== Supplied material ==
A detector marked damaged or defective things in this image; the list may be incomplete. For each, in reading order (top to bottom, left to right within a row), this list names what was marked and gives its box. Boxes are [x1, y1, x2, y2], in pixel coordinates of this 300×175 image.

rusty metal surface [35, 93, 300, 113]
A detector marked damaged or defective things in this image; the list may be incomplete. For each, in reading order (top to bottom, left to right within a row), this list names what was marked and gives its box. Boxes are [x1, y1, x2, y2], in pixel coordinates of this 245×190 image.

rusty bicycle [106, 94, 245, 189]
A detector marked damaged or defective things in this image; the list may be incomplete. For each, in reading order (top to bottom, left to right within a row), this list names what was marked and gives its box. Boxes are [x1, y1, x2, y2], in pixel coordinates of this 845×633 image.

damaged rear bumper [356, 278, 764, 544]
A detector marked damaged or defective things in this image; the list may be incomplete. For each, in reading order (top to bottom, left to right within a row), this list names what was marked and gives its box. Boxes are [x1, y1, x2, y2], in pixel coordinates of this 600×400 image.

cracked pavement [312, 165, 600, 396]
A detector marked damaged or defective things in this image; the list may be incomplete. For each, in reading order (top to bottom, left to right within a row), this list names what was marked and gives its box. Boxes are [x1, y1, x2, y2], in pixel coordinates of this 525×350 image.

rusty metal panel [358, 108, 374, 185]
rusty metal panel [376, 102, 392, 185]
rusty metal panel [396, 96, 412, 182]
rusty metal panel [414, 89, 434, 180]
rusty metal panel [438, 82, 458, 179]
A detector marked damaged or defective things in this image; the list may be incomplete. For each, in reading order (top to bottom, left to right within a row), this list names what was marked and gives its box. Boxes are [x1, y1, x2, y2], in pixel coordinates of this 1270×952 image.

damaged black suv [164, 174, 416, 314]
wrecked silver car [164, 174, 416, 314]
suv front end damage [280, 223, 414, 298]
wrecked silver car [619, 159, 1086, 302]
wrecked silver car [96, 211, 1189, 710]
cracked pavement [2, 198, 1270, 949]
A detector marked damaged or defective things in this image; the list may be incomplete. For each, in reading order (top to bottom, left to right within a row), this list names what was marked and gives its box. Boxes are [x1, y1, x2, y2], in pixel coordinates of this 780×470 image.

== Task to complete ==
What is needed is an exact copy of the lines from the one containing "this 525×350 image." through the last line of the records, and nothing else.

== Task output ==
A detector marked damaged or defective things in this image; the list may be incomplete. For each, in reading order (top to bottom, left to right within a row), this list names what was marked and gives its box. Boxes are [x1, y1, x2, y2], in pixel coordinates of this 525×350 image.

rusty metal panel [358, 108, 374, 185]
rusty metal panel [376, 102, 392, 185]
rusty metal panel [396, 96, 412, 182]
rusty metal panel [414, 89, 434, 180]
rusty metal panel [438, 82, 458, 179]
A detector marked damaged or defective things in this image; the list may be incomplete. For each, in reading order (top to bottom, left to right within a row), this list names what was marked and gives its box. Boxes are [x1, y1, x2, y2], in pixel coordinates of this 1270×952 image.

damaged black suv [164, 174, 416, 314]
wrecked silver car [164, 174, 416, 314]
suv front end damage [280, 223, 414, 298]
wrecked silver car [619, 159, 1086, 302]
wrecked silver car [96, 211, 1189, 710]
cracked pavement [2, 198, 1270, 949]
A detector marked damaged or defective things in this image; the list may be incomplete. For each, in reading order (top to bottom, left to right within a row), this list names what was marked and gives its box. Boxes are [x1, y1, x2, y2], in pixel coordinates of this 780×470 image.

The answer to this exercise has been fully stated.